Available online 28 July 2012
Peer review under responsibility of King Saud University.
Abstract
A simple, specific and accurate isocratic RP-HPLC-DAD method was developed for the simultaneous determination of phenylephrine, paracetamol, caffeine and chlorpheniramine in bulk and tablet dosage form. The four contents are present in variable concentrations and have variable chromatographic behavior making the process of analysis very difficult. For present studies a reversed-phase C-18 column (150 mm × 4.5 mm i.d., particle size 5 μm) with mobile phase consisting of acetonitrile, methanol and 10 Mm phosphate buffer 16:22:62 (v/v) (pH of buffer 2.5 ± 0.02, adjusted with ortho phosphoric acid) was used. The flow rate was 1.0 ml/min and eluents were monitored at 280 nm. The mean retention times of phenylephrine, paracetamol, caffeine and chlorpheniramine were found to be 1.8, 3.1, 5.2 and 10.9 min, respectively. The method was validated in terms of linearity, range, specificity, accuracy, precision and robustness. The proposed method was successfully applied to the estimation of phenylephrine, paracetamol, caffeine and chlorpheniramine in combined tablet dosage form.
Keywords
Phenylephrine
Paracetamol
Caffeine
Chlorpheniramine
Simultaneous estimation
RP-HPLC-DAD
Tablet dosage
1 Introduction
Paracetamol is analgesic and antipyretic chemically it is N-(4-hydroxyphenyl) acetamide. Phenylephrine chemically is (1R)-1-(3hydroxy-phenyl)-2-(methylamino) ethanol hydrochloride and is used as sympathomimetic (descongestants), chlorpheniramine maleate chemically is 3-(4-chlorophenyl)-N, N-dimethyl-3-pyridin-2-ylpropan-1-amine and is used as an H1-receptor antagonist (antihistaminic). Caffeine chemically is (1,3,7-trimethyl-1H-purine-2,6(3H,7H)-dione and acts as a central nervous system stimulant. Structural formulas of PARA, PHE, CAF and CPM are given in Fig. 1. These substances are frequently associated in pharmaceutical formulations against common cold, but are present in formulations with an important imbalance between the quantities of different active ingredients in the dosage forms. Moreover, the active compounds have very different polarity and, therefore chromatographic behavior. The mentioned combination is available in tablet dosage form as a single unit dose with concentration of these active ingredients in varying concentrations which are as 500 mg of PARA, 15 mg of PHE, 30 mg of CAF and 2 mg of CPM. The variation of these active ingredients makes the process of analysis difficult. So far no single HPLC method is reported to determine the mentioned ingredients quantitatively in this combination.

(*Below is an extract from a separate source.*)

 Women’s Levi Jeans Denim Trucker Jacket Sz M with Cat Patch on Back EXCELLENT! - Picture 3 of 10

The structures of paracetamol (PARA), phenylephrine hydrochloride (PHE), chlorpheniramine maleate (CPM) and caffeine (CAF).

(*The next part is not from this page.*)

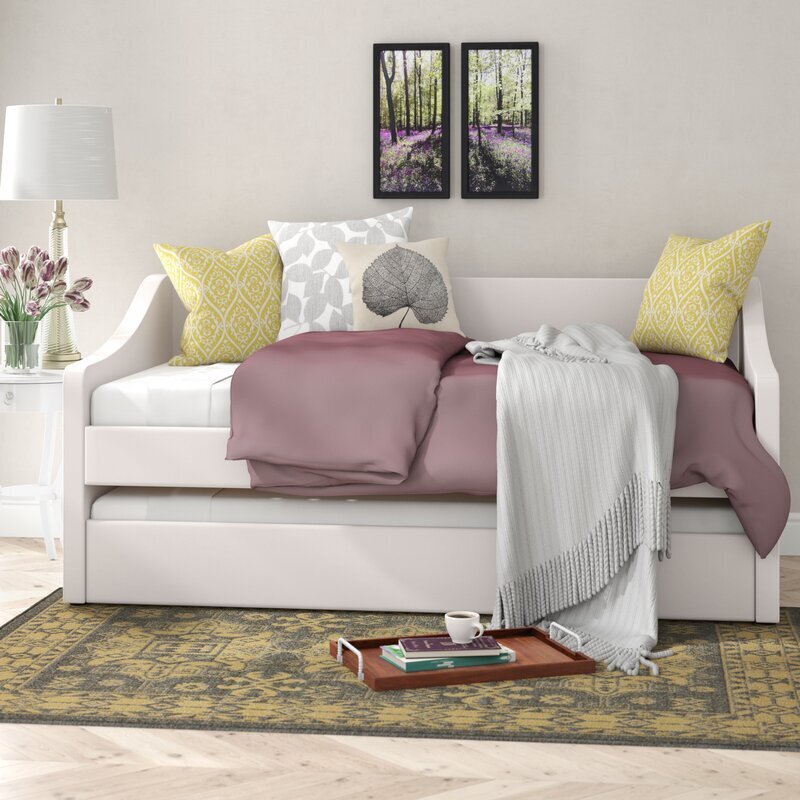 White Upholstered Twin To Queen Daybed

The literature reveals number of analytical methods published for PARA, PHE, CAF and CPM with some other drug combinations.

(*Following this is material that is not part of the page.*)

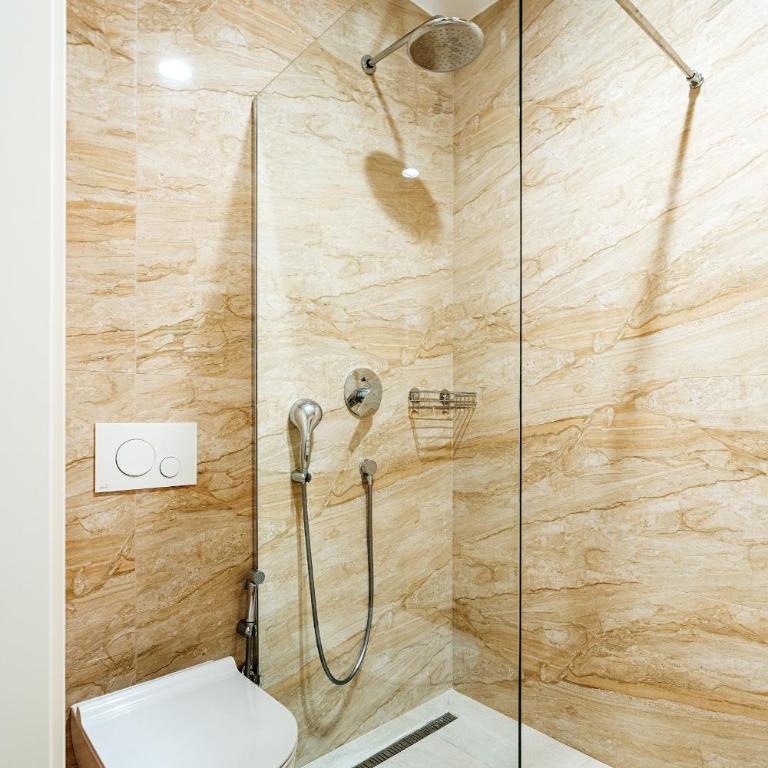Skyline Apartments by In Property - Two-Bedroom Apartment - 17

Methods for paracetamol and its combinations in pharmaceuticals or in biological fluids have been reported. Paracetamol has been determined in combination with other drugs using titrimetry (British Pharmacopoeia, 1998; European Pharmacopoeia, 1997), voltammetry (Saeed and Reyhaneh-Sadat, 2011), fluorimetry (Hossein and Yahya, 2011), colorimetry (Shihana et al., 2010), UV-spectrophotometry (Ghulam et al., 2011), quantitative thin-layer chromatography (TLC) Atul et al., 2008, high-performance liquid chromatography (HPLC) Prasanna and Reddy, 2009; Godse et al., 2009; Franeta et al., 2002; Godse et al., 2001; Pattan et al., 2009; Gopinath et al., 2007; Olmo et al., 2005 and gas chromatography (GC) Belal et al., 2009 in pharmaceutical preparations.
An HPLC method for phenylepherine in combination with chlorpheniramine maleate have been reported (Mukesh et al., 2010).
Chlorpheniramine maleate has been reported to be quantified in combination with other active agents by spectrophotometry (Khoshayand et al., 2010; Maryam and Mehdi, 2005), HPLC (Sandeep, 2011), LC–MS–MS (Qiongfeng et al., 2008) and Voltammetric (Shekappa et al., 2011).
Caffeine has been quantified in combination with some other active agents by variety of analytical methods such as spectrophotometry (Kuldeep et al., 2011), HPLC (Viswanath et al., 2011) and HPTLC (Misra et al., 2009).
To our knowledge, the methods described in the literature do not cover the analysis of the combination PARA, PHE, CAF and CPM in pharmaceutical formulations. Therefore, the main objective of this work was to develop a single separation method for analyzing these four analytes which are present in variable concentrations in tablet dosage form.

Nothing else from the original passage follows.